>>>

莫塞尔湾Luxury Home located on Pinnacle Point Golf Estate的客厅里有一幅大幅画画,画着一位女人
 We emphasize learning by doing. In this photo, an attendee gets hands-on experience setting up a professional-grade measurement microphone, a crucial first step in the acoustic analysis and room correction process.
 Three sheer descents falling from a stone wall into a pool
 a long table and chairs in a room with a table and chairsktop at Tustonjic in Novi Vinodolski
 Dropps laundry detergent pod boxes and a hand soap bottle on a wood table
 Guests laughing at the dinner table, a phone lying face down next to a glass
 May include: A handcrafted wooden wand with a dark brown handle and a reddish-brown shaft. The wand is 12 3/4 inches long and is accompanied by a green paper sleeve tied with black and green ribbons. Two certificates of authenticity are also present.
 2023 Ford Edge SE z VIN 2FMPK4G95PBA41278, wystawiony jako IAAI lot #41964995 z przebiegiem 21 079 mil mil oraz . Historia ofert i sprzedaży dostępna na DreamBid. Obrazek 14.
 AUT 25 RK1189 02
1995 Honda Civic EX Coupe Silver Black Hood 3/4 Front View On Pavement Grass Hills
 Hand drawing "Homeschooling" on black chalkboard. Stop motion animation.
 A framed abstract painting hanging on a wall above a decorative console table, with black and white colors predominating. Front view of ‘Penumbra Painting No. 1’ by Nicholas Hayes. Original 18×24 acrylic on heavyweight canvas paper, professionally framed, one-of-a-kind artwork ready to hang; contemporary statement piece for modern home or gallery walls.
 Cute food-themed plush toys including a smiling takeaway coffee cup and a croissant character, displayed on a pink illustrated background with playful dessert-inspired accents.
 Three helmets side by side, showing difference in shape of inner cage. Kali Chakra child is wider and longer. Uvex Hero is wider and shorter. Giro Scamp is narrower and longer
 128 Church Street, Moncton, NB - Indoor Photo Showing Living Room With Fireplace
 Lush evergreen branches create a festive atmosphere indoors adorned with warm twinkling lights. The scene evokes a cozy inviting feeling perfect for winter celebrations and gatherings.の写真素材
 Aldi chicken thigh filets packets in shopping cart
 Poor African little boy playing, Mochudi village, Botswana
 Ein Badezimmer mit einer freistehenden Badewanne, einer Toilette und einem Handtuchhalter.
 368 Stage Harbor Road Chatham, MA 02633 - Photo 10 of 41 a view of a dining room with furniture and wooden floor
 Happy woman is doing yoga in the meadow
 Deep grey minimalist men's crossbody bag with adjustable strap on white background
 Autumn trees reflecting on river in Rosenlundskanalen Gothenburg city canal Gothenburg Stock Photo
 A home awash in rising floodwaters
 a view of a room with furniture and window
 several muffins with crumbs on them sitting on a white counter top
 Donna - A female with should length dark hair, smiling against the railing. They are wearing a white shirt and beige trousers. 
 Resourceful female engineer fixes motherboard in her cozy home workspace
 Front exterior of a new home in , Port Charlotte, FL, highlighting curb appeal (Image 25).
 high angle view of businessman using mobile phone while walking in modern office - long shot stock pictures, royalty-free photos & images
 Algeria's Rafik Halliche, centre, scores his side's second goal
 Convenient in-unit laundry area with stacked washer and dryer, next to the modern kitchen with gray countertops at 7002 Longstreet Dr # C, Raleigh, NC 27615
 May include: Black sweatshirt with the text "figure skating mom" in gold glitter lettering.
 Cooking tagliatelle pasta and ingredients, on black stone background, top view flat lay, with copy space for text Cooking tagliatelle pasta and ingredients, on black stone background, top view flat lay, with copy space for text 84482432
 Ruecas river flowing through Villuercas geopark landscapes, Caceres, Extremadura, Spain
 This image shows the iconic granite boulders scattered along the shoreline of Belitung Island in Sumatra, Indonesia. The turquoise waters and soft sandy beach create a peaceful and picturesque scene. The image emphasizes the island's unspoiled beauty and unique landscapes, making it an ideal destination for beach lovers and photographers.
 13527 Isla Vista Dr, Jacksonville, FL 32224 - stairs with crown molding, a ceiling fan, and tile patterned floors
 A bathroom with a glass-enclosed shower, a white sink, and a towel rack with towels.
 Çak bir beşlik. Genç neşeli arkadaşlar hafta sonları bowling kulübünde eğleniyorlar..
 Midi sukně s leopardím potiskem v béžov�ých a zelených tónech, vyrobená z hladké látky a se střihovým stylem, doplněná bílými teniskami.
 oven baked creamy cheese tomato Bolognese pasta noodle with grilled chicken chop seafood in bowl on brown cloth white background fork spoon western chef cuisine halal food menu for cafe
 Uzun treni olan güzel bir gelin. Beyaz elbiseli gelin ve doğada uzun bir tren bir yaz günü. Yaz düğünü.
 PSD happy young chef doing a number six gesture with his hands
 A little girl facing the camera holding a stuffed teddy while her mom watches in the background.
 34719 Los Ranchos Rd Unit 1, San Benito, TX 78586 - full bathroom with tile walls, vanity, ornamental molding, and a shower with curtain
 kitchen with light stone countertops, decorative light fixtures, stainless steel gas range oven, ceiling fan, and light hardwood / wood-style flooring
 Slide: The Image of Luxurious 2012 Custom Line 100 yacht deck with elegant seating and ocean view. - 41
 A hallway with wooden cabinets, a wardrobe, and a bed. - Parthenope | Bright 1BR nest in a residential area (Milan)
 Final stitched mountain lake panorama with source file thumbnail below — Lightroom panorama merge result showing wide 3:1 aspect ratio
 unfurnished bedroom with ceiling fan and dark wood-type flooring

<<<

Exercise description
Your task is to retype the entries verbatim, starting with the line that holds "Donna - A female" and stopping after the line that holds "Front exterior of".

Response to this task
 Donna - A female with should length dark hair, smiling against the railing. They are wearing a white shirt and beige trousers. 
 Resourceful female engineer fixes motherboard in her cozy home workspace
 Front exterior of a new home in , Port Charlotte, FL, highlighting curb appeal (Image 25).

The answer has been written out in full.